Dataset.
----------

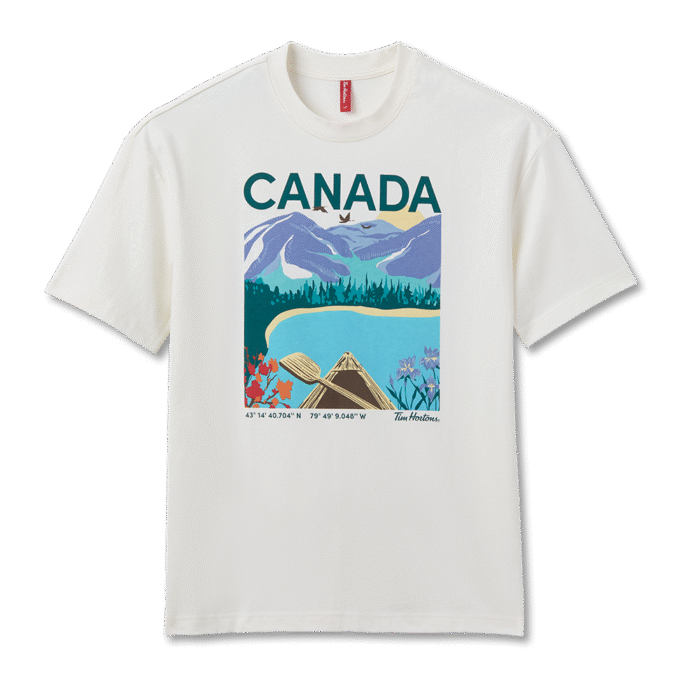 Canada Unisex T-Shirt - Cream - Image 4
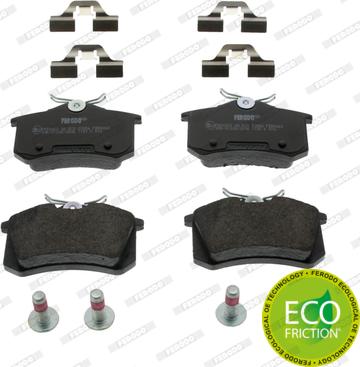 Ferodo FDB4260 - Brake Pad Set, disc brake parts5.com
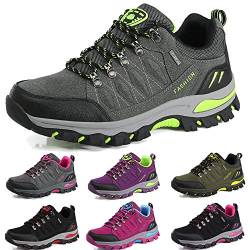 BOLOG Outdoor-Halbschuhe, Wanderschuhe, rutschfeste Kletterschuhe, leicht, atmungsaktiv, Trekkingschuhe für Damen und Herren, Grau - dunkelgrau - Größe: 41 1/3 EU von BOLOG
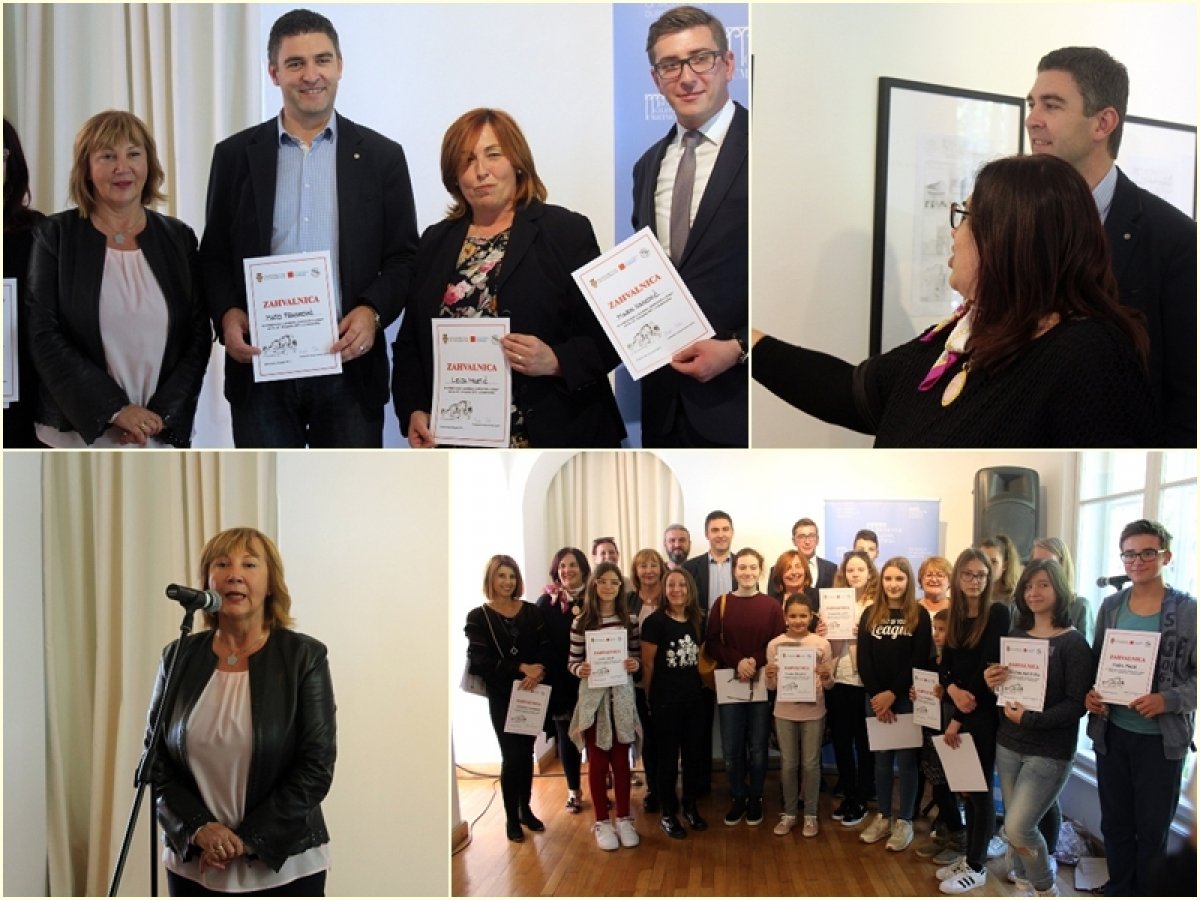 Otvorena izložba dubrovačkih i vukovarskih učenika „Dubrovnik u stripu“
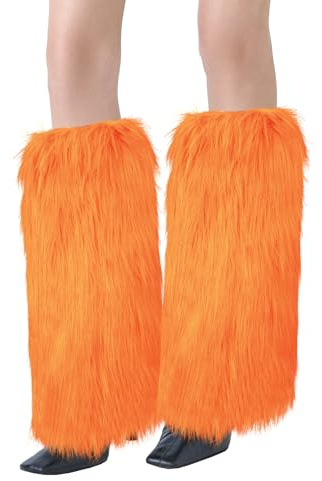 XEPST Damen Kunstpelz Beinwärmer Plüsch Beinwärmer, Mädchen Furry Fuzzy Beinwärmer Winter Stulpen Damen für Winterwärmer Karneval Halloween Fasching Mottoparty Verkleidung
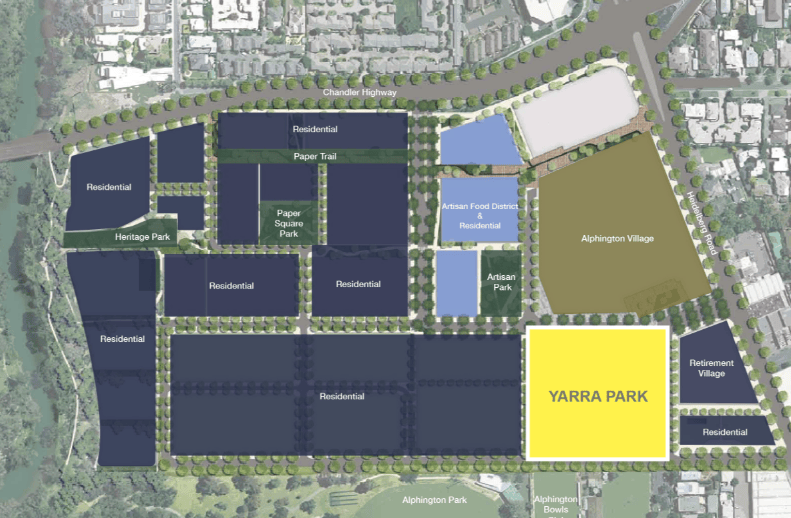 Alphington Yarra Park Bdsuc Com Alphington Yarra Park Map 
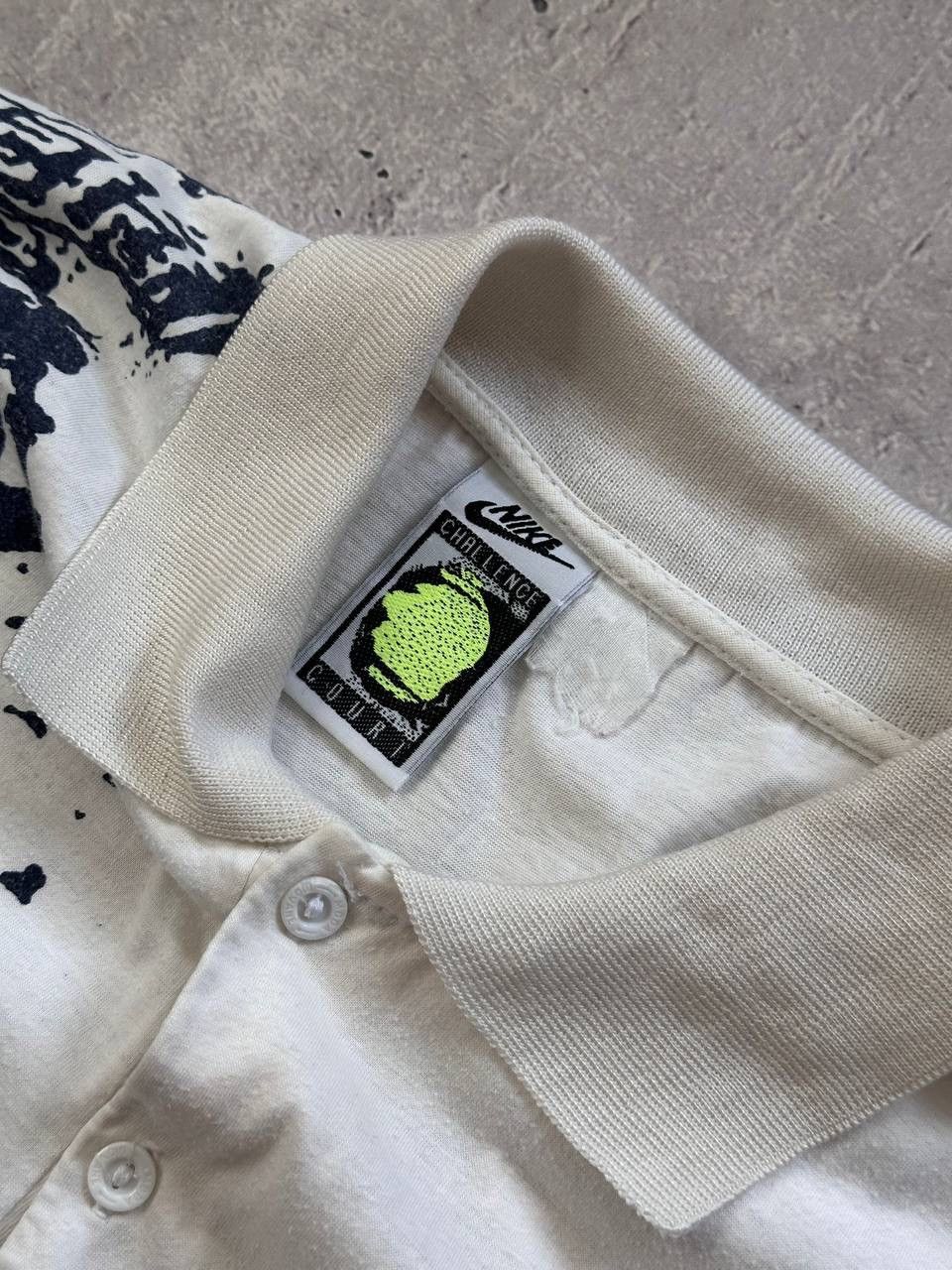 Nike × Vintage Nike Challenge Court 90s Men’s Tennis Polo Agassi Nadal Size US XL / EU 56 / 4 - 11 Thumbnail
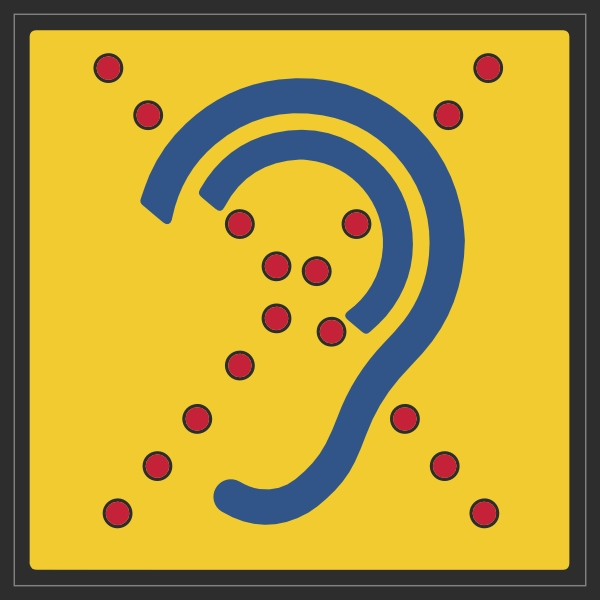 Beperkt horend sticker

----------

The answer is those lines of the material above that run from the one containing "XEPST Damen Kunstpelz" up to and including the one containing "Alphington Yarra Park Bdsuc", restated exactly and without images.

 XEPST Damen Kunstpelz Beinwärmer Plüsch Beinwärmer, Mädchen Furry Fuzzy Beinwärmer Winter Stulpen Damen für Winterwärmer Karneval Halloween Fasching Mottoparty Verkleidung
 Alphington Yarra Park Bdsuc Com Alphington Yarra Park Map 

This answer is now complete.